というわけでこちらの商品ページにはそれぞれに様々なお名前を書かせていただきました。
どの書体も書けないわけではないですからね。ただ隷書体は字形について、現代のそれと結構書き方が変わってくることがあるので、お名前によってはおすすめできなかったりもします。
その他、草書という意見や激しいものをといったご要望も時々あるのですが、手書き表札には手書き表札の書き方というものがあるのでお断りしております。
それでは制作した手書き表札イメージ画像の紹介をさせていただきます。
実は他の表札イメージ画像も見直ししたのですが、その理由は編集作業をしているパソコンのスペックが上がり、画質が向上したためです。
より本物に近い雰囲気でお選びいただけるようになりました。
字の解説も多少交えつつ、日本史愛好家として時々コメントを付けさせていただきますね。
なお、ここに記載されている内容については鵜呑みにせずに、疑問に感じたことは各自で調べられることをおすすめします。

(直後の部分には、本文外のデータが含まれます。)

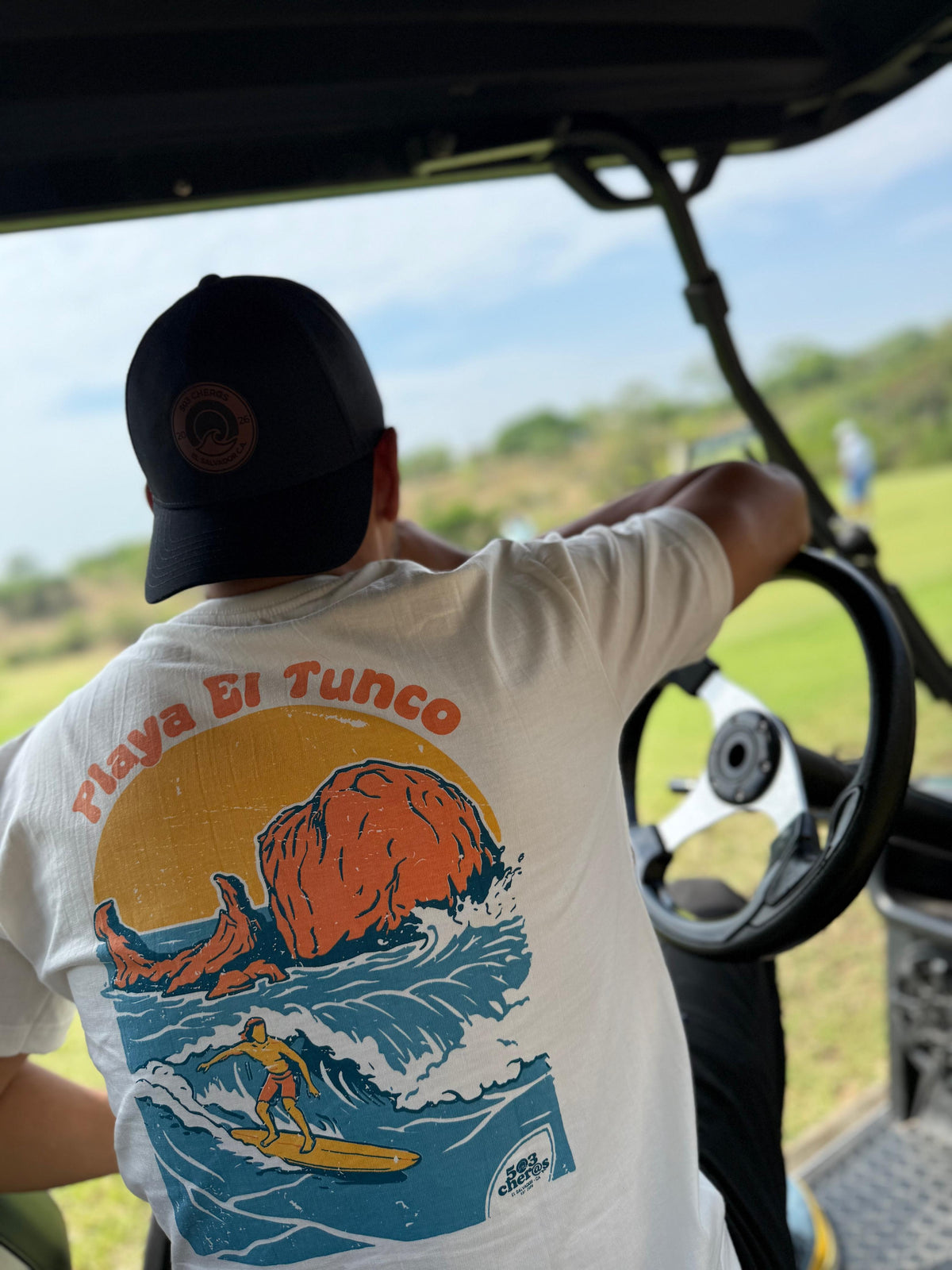 Person wearing the Playa El Tunco graphic T-shirt while driving a golf cart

歴史とはその場を生きていないと、事実を知ることはできませんからね。
【木曽檜、ヒノキ】
「石原」楷書
こちら、カチッとした楷書という感じです。
楷書でみんな意外と苦手なのは左払いですかね。
「宮本武蔵」楷書
当方の得意な柔らかみ、温かみのある楷書というやつです。
行書に雰囲気が近いかもしれません。
「藤井」行書
藤井の字面は非常に難しく、画数の差も著しく、バランスが難しいです。
なお、大阪藤井寺、愛知安城、石川能登、栃木壬生には”藤井”という地名があります。
「柴田勝家」行書
柴田勝家は忠義の武将として織田信長を支えてきた存在で、その人としてのあり方は経営者にファンが多いとのことです。
学校教育の日本史を学んでいるだけでは賤ヶ岳の戦いで羽柴秀吉に負けたイメージが強いですが、重要な場面で離れていった前田利家を責めることがなかったこと等、計り知れない器の大きさを感じます。
「佐々成政」行書
この方は立場的に悪い者扱いされることが多いですが、歴史というものは勝者が作っていくものであり、本当のところを知ることが大切です。
真冬の北アルプスを越えたとされる”さらさら越え”などの話に見える織田家への忠義の心や、常願寺川に佐々堤を築き、一国の主として民衆を大切にし愛された点はもっと多くの人が知るべきかと感じております。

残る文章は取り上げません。